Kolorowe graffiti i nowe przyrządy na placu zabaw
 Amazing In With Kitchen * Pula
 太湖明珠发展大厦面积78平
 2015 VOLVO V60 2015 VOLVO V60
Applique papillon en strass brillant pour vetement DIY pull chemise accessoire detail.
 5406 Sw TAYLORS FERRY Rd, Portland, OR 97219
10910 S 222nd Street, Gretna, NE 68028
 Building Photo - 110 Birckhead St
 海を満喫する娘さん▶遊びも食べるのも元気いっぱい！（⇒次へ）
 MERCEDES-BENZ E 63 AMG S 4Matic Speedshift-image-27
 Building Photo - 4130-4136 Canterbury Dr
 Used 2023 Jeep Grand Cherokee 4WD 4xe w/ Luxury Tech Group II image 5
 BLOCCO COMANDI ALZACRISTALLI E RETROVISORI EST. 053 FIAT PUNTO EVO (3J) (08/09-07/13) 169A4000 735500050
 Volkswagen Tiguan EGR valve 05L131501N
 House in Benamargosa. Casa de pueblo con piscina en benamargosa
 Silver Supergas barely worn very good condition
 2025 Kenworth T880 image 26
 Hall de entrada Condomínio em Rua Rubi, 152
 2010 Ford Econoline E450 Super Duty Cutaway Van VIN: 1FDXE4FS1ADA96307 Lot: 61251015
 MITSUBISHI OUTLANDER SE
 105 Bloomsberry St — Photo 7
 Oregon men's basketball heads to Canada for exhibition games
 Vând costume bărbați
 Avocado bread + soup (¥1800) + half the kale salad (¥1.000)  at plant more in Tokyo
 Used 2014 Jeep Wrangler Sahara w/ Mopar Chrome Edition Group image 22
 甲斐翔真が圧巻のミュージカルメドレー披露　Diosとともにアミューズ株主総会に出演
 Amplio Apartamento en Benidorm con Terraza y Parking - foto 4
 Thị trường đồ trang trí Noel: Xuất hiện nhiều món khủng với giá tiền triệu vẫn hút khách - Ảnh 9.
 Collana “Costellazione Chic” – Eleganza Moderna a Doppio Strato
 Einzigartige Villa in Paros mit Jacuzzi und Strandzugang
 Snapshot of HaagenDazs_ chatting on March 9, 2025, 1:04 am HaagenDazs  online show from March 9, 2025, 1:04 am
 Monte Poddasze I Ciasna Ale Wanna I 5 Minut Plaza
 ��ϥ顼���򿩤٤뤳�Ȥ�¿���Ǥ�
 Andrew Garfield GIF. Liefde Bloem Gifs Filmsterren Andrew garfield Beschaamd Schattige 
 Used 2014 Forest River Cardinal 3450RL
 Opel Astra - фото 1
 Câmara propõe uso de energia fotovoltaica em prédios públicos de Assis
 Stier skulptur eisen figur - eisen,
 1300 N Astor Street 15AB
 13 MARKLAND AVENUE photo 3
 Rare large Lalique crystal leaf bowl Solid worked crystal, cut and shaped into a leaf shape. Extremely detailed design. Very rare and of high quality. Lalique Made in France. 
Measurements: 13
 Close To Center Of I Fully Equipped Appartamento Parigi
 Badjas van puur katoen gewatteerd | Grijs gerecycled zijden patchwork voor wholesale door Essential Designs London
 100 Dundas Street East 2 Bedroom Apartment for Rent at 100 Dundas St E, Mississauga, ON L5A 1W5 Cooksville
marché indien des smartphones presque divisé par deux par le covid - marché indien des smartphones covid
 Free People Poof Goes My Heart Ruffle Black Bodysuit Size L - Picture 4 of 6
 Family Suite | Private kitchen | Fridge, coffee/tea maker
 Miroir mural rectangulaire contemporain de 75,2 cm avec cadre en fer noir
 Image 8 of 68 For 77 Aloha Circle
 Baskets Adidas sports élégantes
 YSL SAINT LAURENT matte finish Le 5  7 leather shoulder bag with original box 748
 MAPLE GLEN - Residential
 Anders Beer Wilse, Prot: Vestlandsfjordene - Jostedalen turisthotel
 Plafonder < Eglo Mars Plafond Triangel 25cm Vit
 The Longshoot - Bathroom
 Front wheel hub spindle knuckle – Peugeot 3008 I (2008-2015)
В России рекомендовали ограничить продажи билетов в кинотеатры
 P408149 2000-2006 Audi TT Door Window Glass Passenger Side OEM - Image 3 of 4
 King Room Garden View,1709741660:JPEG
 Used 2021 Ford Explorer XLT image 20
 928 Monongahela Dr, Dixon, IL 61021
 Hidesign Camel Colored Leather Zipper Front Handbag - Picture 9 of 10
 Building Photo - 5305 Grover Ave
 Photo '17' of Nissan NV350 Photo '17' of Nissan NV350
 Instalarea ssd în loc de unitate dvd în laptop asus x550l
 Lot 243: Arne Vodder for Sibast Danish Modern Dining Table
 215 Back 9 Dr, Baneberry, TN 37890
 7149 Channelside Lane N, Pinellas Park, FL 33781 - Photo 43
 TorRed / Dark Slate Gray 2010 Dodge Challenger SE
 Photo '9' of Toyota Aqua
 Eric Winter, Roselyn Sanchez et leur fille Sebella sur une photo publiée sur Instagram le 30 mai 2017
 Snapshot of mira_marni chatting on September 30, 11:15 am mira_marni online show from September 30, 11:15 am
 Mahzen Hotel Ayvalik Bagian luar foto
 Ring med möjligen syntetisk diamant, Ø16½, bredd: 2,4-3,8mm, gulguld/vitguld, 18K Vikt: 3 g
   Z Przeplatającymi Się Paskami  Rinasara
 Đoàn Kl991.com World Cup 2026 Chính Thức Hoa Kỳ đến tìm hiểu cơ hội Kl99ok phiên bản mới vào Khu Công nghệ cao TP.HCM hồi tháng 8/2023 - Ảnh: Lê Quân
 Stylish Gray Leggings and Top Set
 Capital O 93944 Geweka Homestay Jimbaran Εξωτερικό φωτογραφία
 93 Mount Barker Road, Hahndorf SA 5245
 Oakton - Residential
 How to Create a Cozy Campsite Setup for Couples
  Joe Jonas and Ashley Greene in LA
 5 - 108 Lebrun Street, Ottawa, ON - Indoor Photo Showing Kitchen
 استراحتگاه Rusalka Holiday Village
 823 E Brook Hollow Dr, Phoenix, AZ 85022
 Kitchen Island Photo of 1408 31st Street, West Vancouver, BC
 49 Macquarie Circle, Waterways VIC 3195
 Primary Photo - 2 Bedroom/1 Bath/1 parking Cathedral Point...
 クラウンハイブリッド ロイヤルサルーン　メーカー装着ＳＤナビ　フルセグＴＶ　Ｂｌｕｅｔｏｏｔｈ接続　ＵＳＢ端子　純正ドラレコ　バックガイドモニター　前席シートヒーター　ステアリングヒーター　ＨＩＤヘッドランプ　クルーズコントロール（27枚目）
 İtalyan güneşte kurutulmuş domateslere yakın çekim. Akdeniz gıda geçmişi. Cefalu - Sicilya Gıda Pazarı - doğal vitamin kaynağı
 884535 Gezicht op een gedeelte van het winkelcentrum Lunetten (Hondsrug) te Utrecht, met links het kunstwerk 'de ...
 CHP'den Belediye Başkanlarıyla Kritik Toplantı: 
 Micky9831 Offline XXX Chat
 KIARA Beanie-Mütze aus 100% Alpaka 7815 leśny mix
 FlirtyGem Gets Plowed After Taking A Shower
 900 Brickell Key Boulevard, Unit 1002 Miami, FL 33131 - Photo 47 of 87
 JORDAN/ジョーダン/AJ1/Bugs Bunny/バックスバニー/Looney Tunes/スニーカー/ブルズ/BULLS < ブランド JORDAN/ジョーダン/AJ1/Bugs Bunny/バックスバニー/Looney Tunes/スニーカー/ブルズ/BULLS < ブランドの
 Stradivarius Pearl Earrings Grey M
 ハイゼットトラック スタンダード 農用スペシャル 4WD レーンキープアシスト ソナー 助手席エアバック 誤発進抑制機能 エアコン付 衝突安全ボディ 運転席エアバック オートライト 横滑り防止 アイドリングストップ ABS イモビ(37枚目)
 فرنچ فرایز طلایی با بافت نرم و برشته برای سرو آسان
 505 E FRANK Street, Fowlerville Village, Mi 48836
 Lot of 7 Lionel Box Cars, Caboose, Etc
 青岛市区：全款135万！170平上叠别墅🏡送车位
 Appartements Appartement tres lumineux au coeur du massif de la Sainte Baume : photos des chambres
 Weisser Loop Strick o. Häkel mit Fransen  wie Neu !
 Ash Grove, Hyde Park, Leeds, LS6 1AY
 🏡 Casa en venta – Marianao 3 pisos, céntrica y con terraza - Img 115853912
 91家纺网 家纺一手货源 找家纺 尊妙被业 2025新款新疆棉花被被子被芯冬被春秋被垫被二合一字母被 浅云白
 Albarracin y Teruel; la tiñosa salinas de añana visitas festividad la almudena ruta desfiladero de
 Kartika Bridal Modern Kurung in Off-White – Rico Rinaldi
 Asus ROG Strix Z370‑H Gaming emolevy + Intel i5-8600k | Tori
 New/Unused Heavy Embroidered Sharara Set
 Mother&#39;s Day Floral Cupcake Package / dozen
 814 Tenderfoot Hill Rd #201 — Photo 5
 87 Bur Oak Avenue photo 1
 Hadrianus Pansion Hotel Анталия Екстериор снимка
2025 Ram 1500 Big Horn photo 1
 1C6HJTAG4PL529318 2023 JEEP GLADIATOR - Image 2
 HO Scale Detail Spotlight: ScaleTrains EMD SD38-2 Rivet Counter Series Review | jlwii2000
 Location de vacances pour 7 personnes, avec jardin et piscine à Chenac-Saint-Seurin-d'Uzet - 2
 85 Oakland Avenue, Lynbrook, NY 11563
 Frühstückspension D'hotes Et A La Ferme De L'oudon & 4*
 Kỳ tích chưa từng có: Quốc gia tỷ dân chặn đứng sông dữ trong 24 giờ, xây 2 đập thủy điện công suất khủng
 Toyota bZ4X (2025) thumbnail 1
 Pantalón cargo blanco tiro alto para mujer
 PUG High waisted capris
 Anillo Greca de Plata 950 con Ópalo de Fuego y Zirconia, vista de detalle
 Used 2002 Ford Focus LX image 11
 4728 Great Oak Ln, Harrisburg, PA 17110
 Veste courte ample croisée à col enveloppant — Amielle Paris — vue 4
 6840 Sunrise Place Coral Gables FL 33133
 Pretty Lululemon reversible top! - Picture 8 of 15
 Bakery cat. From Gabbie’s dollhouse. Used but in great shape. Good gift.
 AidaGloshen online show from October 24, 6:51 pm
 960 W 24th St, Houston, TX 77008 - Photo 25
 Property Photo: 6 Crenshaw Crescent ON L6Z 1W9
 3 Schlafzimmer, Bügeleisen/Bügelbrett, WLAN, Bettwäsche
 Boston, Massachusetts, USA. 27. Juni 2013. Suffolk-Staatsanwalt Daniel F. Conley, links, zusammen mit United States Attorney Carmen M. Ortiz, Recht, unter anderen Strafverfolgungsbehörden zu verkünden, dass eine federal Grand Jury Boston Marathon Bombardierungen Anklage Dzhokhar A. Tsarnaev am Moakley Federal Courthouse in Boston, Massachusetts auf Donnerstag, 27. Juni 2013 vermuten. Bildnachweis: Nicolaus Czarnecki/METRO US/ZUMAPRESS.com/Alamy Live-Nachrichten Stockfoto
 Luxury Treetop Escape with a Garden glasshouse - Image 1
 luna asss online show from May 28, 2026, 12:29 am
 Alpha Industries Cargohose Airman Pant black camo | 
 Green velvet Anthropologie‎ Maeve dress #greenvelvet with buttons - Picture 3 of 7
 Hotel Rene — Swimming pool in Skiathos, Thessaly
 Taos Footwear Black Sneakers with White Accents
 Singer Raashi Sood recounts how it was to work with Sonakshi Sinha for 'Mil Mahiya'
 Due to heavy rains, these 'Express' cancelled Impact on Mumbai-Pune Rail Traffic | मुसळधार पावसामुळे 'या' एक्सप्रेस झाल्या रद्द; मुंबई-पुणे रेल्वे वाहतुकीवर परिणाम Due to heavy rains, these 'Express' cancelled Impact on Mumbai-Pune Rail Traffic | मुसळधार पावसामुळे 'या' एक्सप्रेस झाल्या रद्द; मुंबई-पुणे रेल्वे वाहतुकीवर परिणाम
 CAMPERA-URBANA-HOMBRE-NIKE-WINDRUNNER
—————
Problem: Each line of the entries above that contains "Casa" is to be copied.

Response area:
 House in Benamargosa. Casa de pueblo con piscina en benamargosa
 🏡 Casa en venta – Marianao 3 pisos, céntrica y con terraza - Img 115853912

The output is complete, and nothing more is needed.